Comune di Cefalù in persona del Sindaco pro tempore, rappresentato e difeso dall’avvocato Leonardo Raso, con domicilio eletto presso il suo studio in Palermo, via F. Li Donni n. 7;

per l’annullamento

– dell’ordinanza n. 12 del 5.9.2016 di ingiunzione di demolizione di due gazebo e dell’ampliamento del locale deposito, ubicato nel lato Sud/Ovest della pedana, meglio descritte nella relazione tecnica datata 17.3.2016;

– nonché degli atti tutti presupposti, connessi e consequenziali.

 

Visti il ricorso e i relativi allegati;

Visto l’atto di costituzione in giudizio del Comune di Cefalù;

Visti tutti gli atti della causa;

Relatore nell’udienza pubblica del giorno 9 novembre 2018 il dott. Francesco Mulieri e uditi per le parti i difensori come specificato nel verbale;

Ritenuto e considerato in fatto e diritto quanto segue.

 

FATTO

Con il ricorso in epigrafe, ritualmente notificato e depositato, il Sig.

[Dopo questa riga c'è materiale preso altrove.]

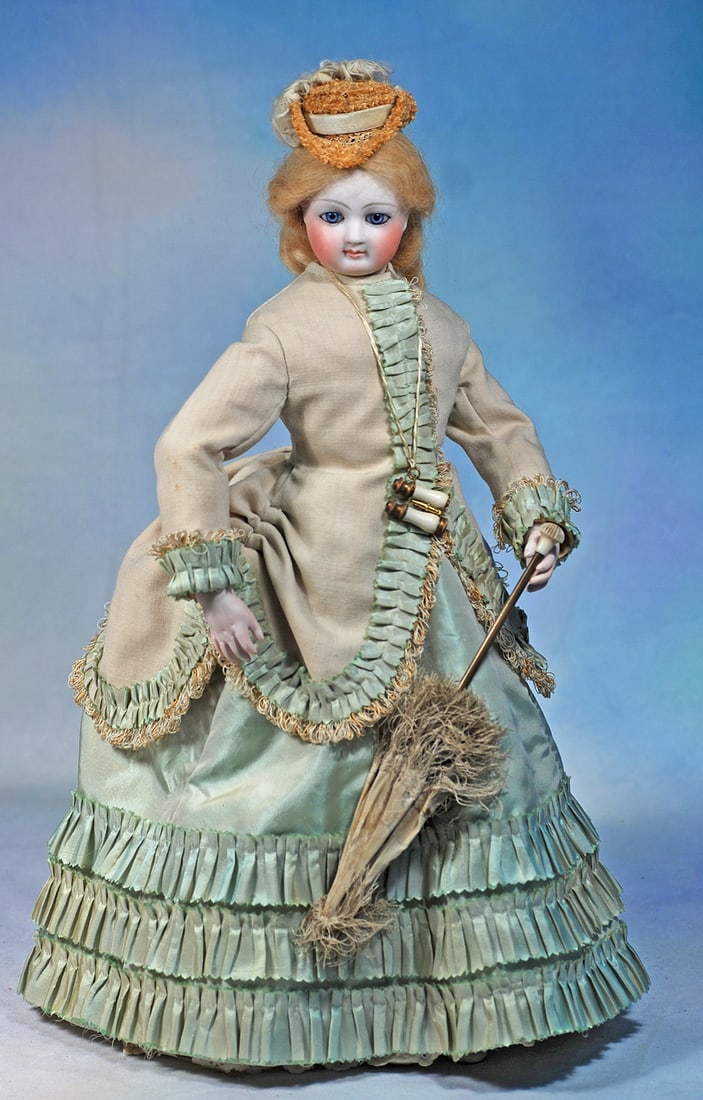 FRENCH BISQUE POUPEE BY BARROIS WITH DISTINCTIVE BODY ATTRIBUTED TO TERRENE: 17”. Marks: E. 4 B.(front shoulderplate). Bisque swivel head on bisque shoulderplate, large almond-shaped blue paperweight eyes, painted lashes, dark eyeliner, feathered brows, pierc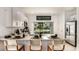Modern kitchen with white cabinets, quartz countertops, and stainless steel appliances at 8958 Daybreak St, Sarasota, FL 34241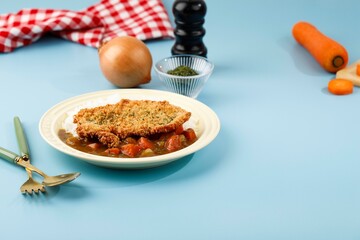 Chicken Katsu with Japanese Curry, Serve with White Rice on Cream Ceramic Plate, Blue Background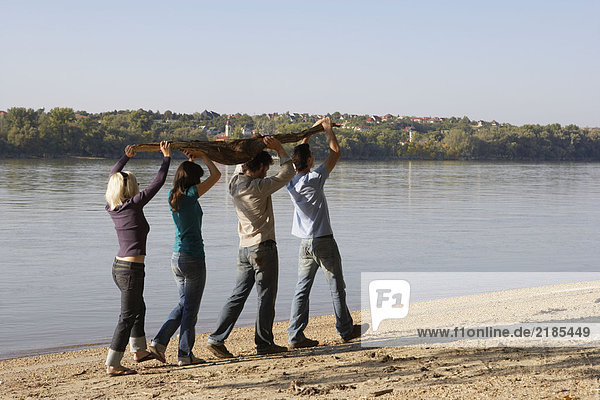 Vier Freunde mit einem Baumstamm am See.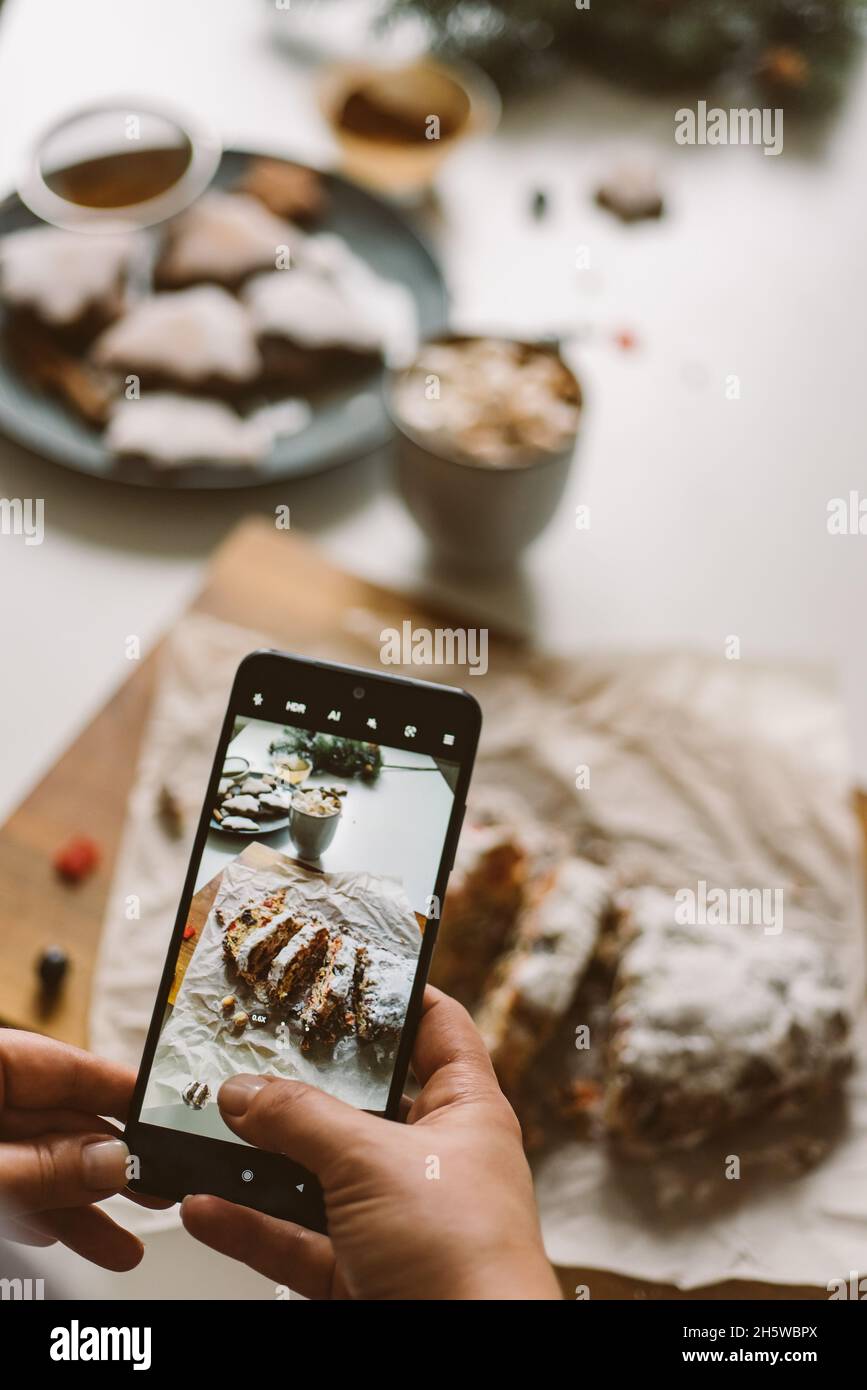 Le boulanger prend une photo du stollen de Noël cuit, sur un téléphone mobile foyer sélectif, préparation des vacances, l'esprit de noël vertical Banque D'Images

Cimino Salvatore, in proprio e nella qualità di amministratore delegato e legale rappresentante della Carlton S.p.A., ha esposto che:

1) la società Carlton S.p.A. è titolare della concessione demaniale marittima n. 227 del 24.7.2009 per la gestione di uno stabilimento balneare nel Comune di Cefalù, sul Lungomare G.Giardina (al fg. di mappa n. 5 p.11e 1, 14, 949 e 950), con lo specifico “scopo di realizzarvi una pedana con struttura provvisionale metallica e piano di calpestio in legno parzialmente coperta, sulla quale verranno istallate le opere indicate all’intero della presente licenza, destinata a stabilimento balneare nelle ore diurne ed a locale bar di sera, con annessa attività di fitness e ristorazione, nonché l’estensione all’intero anno dell’esercizio della concessione ex art. 2 L.R. n. 15/05, per la prosecuzione delle attività collaterali alla balneazione”;

2) con autorizzazione edilizia n. 25 del 29.7.2009 la predetta società veniva autorizzata al mantenimento dello stabilimento balneare denominato “Lido Maljk”;

3) con nota del Comune, di risconto alla nota della ditta del 3.6.2015, il Settore Edilizia Privata comunicava che la validità temporale dell’autorizzazione edilizia è esplicitamente correlata alla scadenza della CDM n. 227/2009 (valida fino a tutto il 31.12.2020) e “non risulta necessario l’emissione di ulteriore provvedimento a titolo di proroga (da intendersi automaticamente concessa fino a tutto il 31.12.2020)”;

4) il progetto otteneva il N.O. della Soprintendenza ai BB.CC.AA. di Palermo con nota prot. n. 720/TOP del 25.5.2009 nonché il N.O., dell’Ufficio del Genio Civile di Palermo con nota prot. n. 7703/09 del 5.6.2009;

5) a seguito di accertamenti effettuati dal Locale Commissariato di P.S. di Cefalù emergeva che “la struttura balneare risulta realizzata sostanzialmente conforme all’autorizzazione edilizia n. 25/2009, ad eccezione dei due gazebo in legno delle dimensioni di circa ml. 2,9×1,95 e di ml. 2×2, collocati sul lato Nord della pedana nella zona scoperta, non previsti nel progetto autorizzato e del lieve aumento di circa mq. 1,5 della superficie del locale deposito ubicato nel lato Sud Ovest della pedana”.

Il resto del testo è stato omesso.